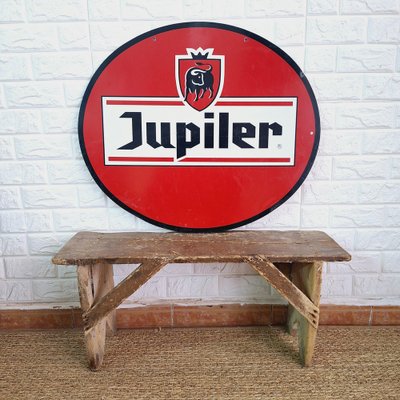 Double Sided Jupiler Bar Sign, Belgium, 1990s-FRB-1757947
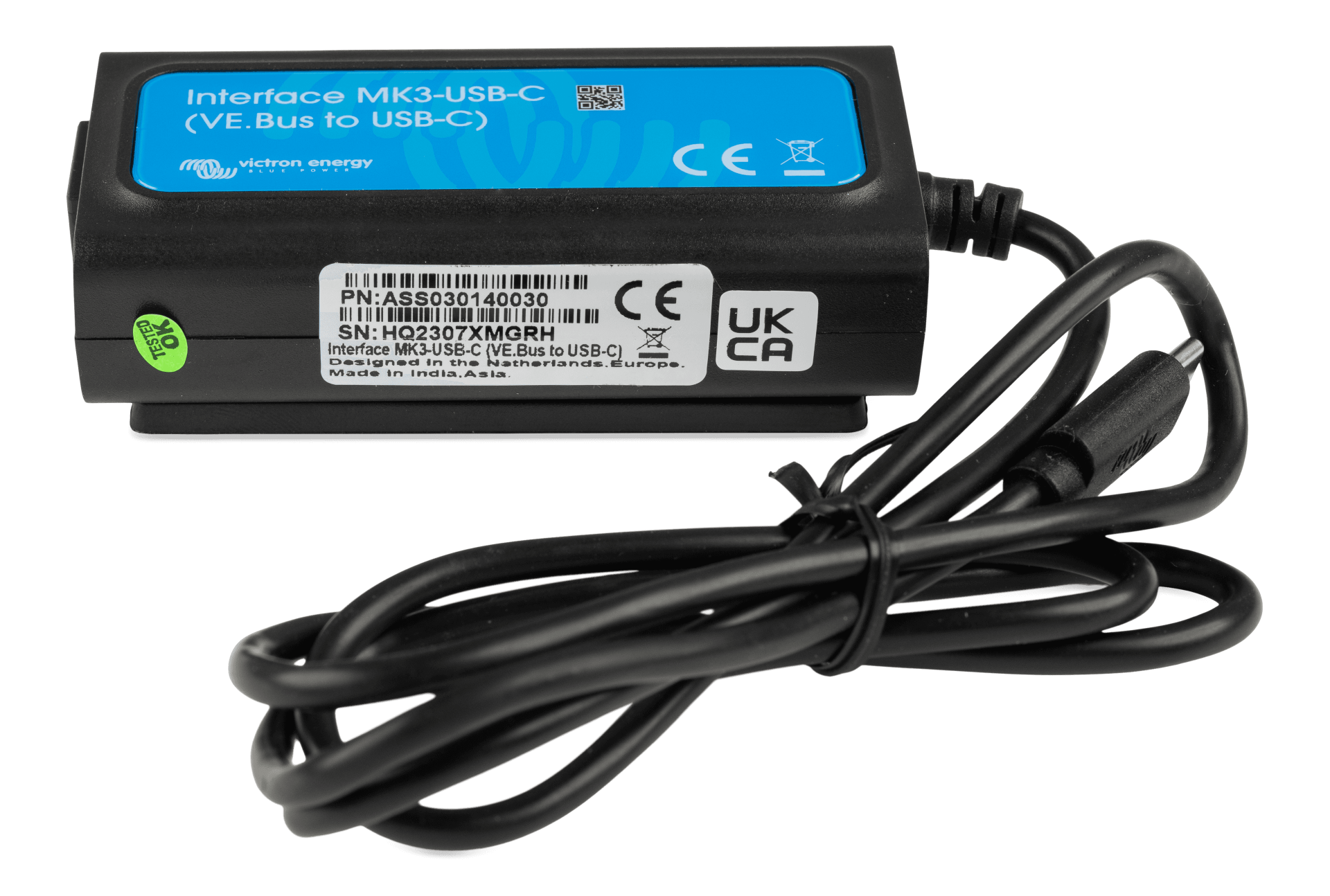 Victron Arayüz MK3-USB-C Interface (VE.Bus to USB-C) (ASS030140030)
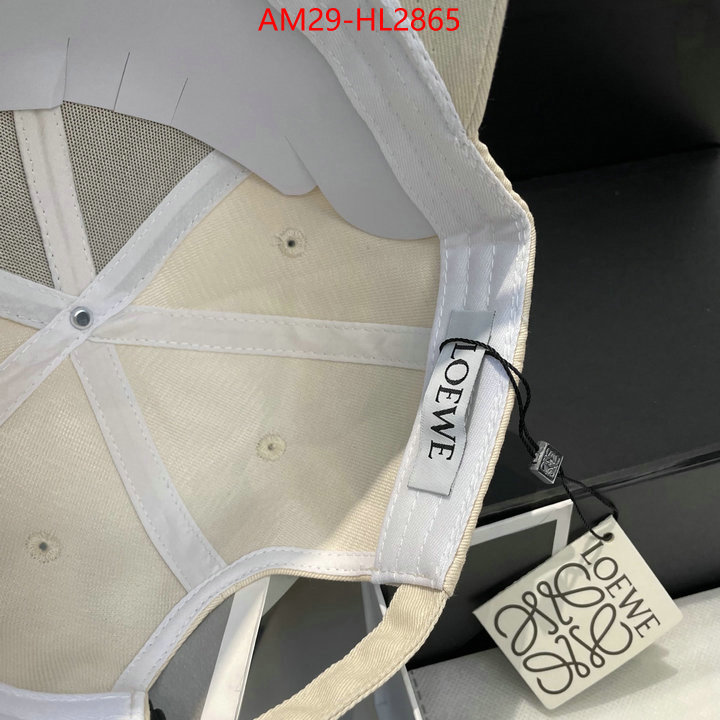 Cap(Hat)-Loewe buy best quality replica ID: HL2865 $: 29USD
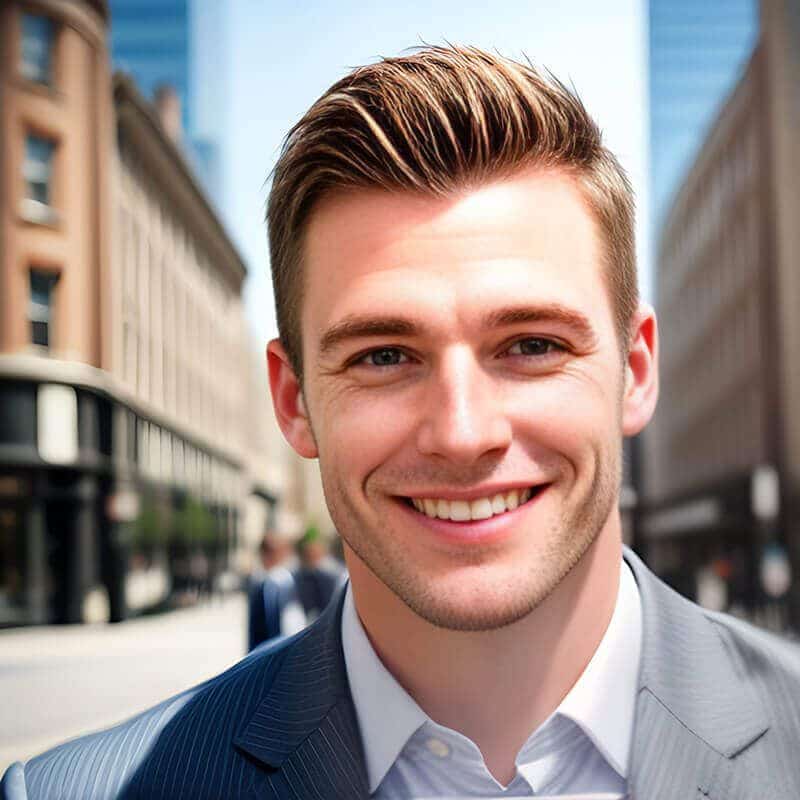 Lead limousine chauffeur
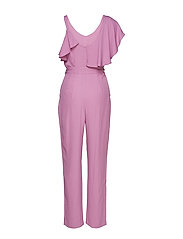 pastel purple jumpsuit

###

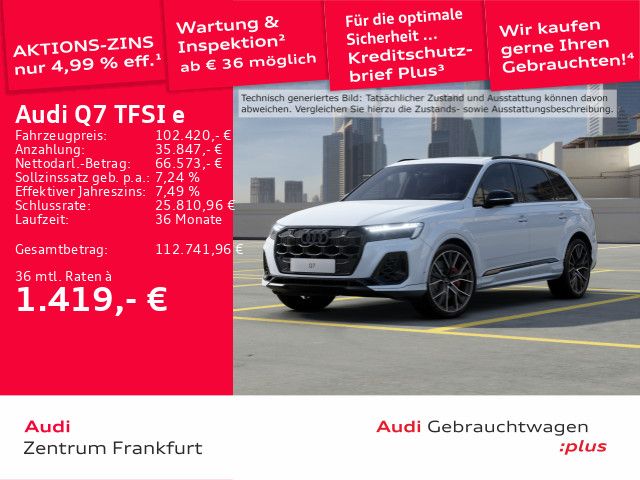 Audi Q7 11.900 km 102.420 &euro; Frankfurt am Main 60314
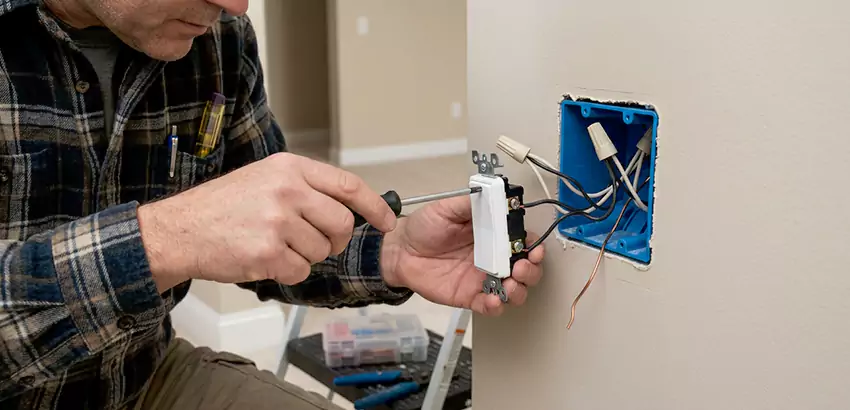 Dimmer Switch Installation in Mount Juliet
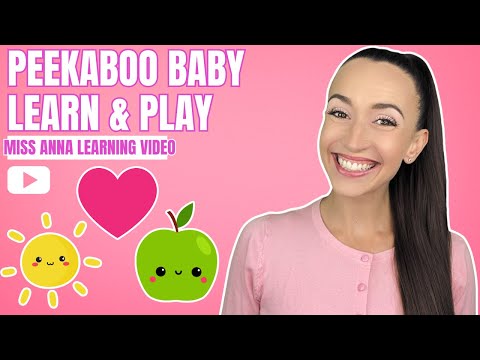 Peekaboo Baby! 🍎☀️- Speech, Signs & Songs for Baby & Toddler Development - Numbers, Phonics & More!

###

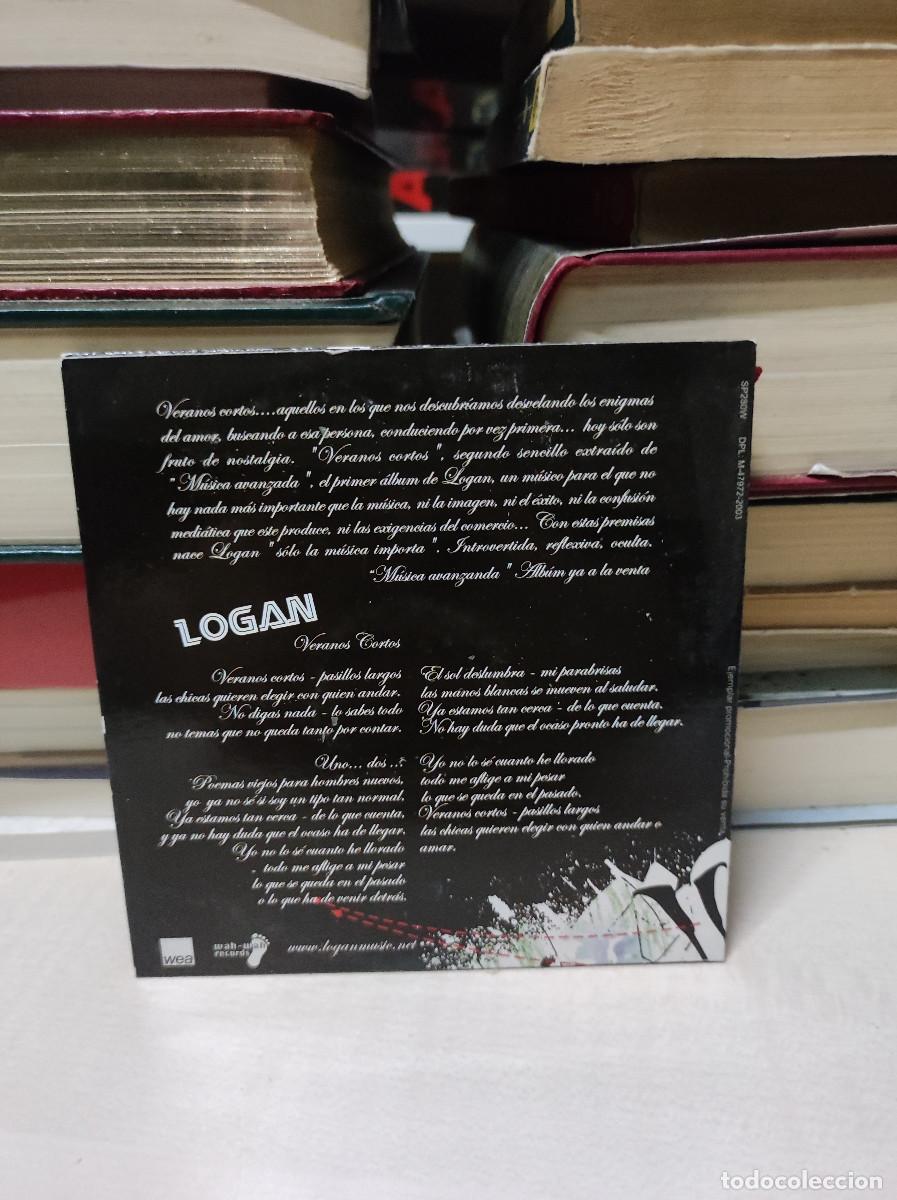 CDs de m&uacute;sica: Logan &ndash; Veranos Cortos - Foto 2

###

■ **EXERCISE**
Return the lines above from the one with "Lead limousine chauffeur" through the one with "pastel purple jumpsuit", verbatim and nothing else. Omit every picture.

■ **EXERCISE RESULT**
 Lead limousine chauffeur
 pastel purple jumpsuit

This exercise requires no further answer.